Does MOSS support Arabic Search?
This is the question I always receive from customers and partners. My answer always starts with the following:
The question should not be if MOSS does or doesn’t support Arabic Search, cause the answer would be simply – YES, IT DOES.
The question should be: how powerful is MOSS Search when it comes to Arabic language?
I would like to pin-point a couple of whitepapers that is a must read for this subject. Afterwards, I’m going to go over the configuration steps required to reach the desired results.
Two whitepapers produced by our product teams that elaborate on multi-language support in Microsoft Office SharePoint Server 2007:
- Building Multilingual Sites white paper: Talks about the overall features for building multilingual sites like language packs, site variations, and search components.
- Arabic Word Breaker white paper, you can see that we provide morphological analysis for Arabic, with a good set of features.
Mike Taghizadeh’s blog covers MOSS 2007 Search Capabilities. Two excellent blogs are worth reading about word stemming:
Here are some facts to summarize the above:
- Word breaker is the component of MOSS Search that does stemming.
- Word stemming (morphology) is composed of two things: morphological analysis, and morphological generation.
- In turn, morphological analysis/generation is further composed of two things: inflectional, and derivational.
- Word breakers for different languages come shipped with MOSS 2007. They are NOT part of language packs.
- Stemming is off by default for Arabic (and some other languages). You need to enable stemming (at query time) from the Search Center. [see below]
- Stemming for a specific language is triggered by the language used in the client browser. [see below]
Enabling word stemming in MOSS 2007 – Search Center:
- Being the owner of administrator of the site, go to Search Center results page. (you can issue a query to go there, or navigate to results.aspx page)
- Edit the page: Site Actions -> Edit Page
- Got to the Core Results Web Part, and choose to modify this web part
- In the Web Part settings panel, check the option that reads "Enable word stemming …" under the Results Query options.
- Click OK, and save the page or publish it.
Now you have your search ready for word stemming at query time.

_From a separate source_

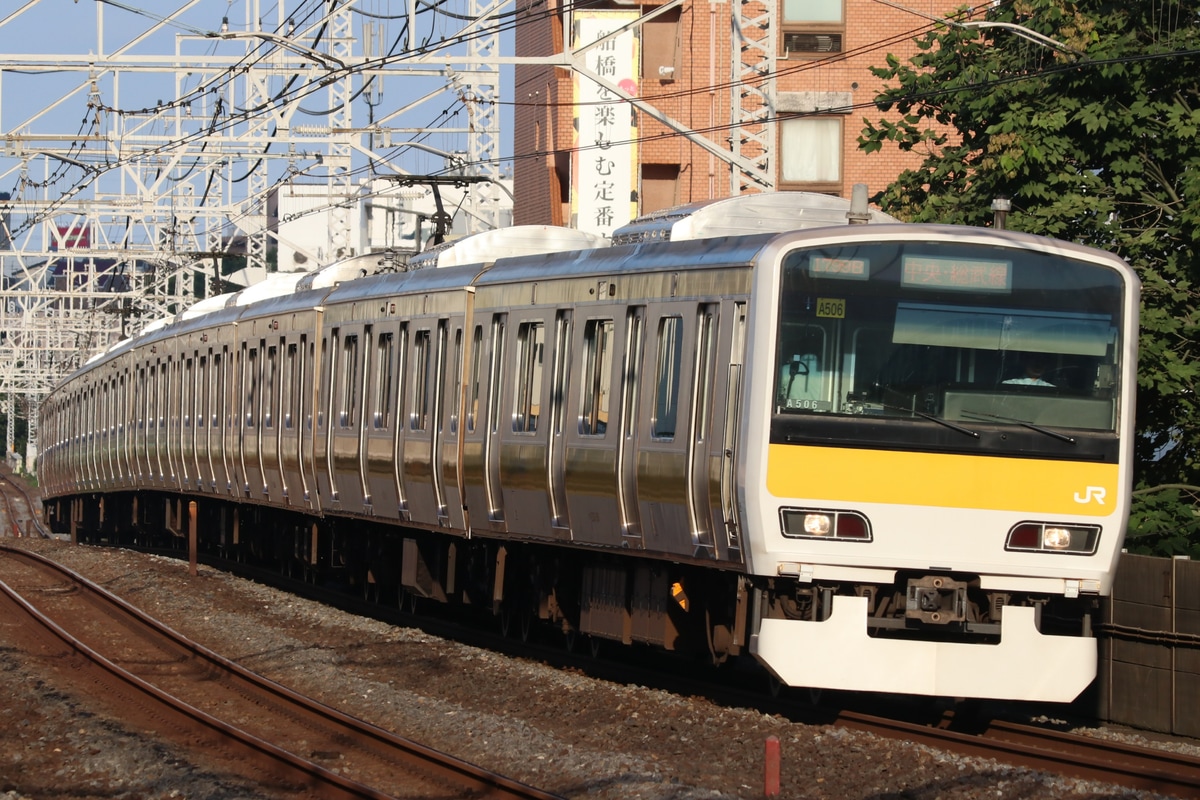 JR東日本 三鷹車両センター E231系 ミツA506編成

Testing Arabic word stemming by setting Arabic as the default language in IE:
MOSS 2007 has been designed to choose word breakers according to the language of the client browser. Browser will send HTTP_ACCEPT_LANGUAGE, with the default language set to MOSS. MOSS will in turn invoke word breaker for that specific language.
So to trigger Arabic word breaker, you need to change the IE language settings (Tools -> Internet Options -> Languages). If Arabic is set as the default, MOSS will invoke Arabic Word Breaker, and will do the stemming at query time. See the multilingual whitepaper above from more details.